*DATA EXCERPTS:*
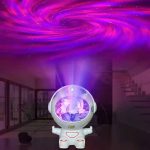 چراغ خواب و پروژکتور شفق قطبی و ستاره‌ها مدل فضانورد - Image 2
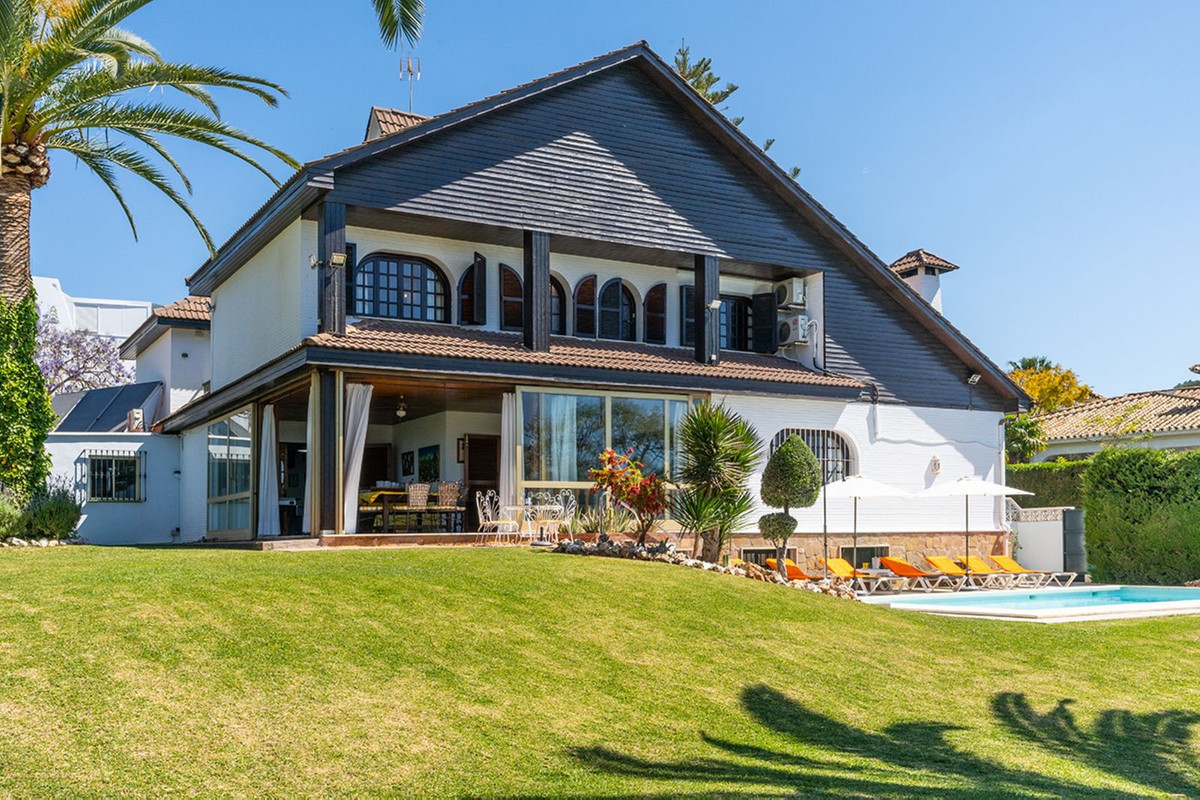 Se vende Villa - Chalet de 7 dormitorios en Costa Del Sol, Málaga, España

--

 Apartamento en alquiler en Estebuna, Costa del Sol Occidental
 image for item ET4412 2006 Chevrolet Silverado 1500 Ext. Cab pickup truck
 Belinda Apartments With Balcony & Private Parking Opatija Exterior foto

--

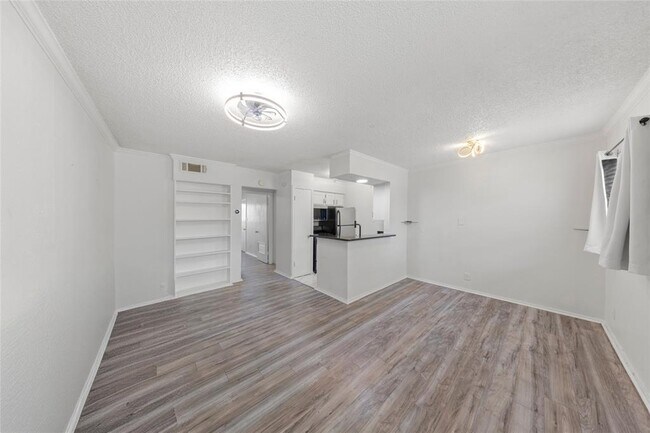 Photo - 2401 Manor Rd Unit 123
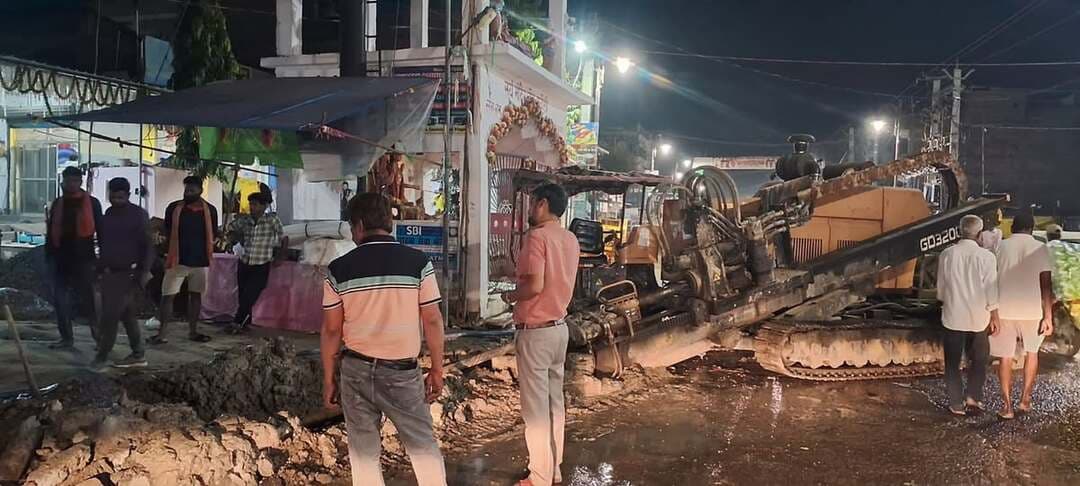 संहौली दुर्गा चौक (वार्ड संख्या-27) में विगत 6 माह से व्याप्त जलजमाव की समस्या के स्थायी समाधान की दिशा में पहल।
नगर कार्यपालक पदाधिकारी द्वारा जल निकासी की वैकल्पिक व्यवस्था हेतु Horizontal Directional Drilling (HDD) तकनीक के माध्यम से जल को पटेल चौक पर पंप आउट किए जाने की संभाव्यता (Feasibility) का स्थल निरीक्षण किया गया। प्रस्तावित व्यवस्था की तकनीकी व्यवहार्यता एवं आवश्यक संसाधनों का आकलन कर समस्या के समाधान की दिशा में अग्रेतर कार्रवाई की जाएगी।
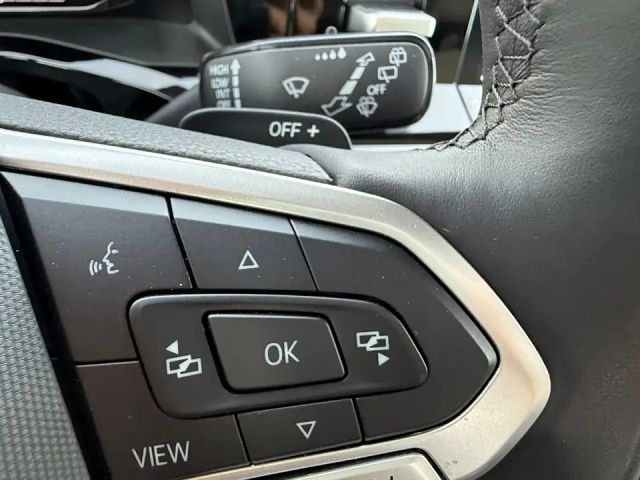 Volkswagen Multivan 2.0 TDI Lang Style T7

*YOUR ASSIGNMENT:*
Above are the entries. Output exactly the lines beginning with the line that has "Apartamento en alquiler" and ending with the line that has "Belinda Apartments With".

*RESPONSE TO THE EXERCISE:*
 Apartamento en alquiler en Estebuna, Costa del Sol Occidental
 image for item ET4412 2006 Chevrolet Silverado 1500 Ext. Cab pickup truck
 Belinda Apartments With Balcony & Private Parking Opatija Exterior foto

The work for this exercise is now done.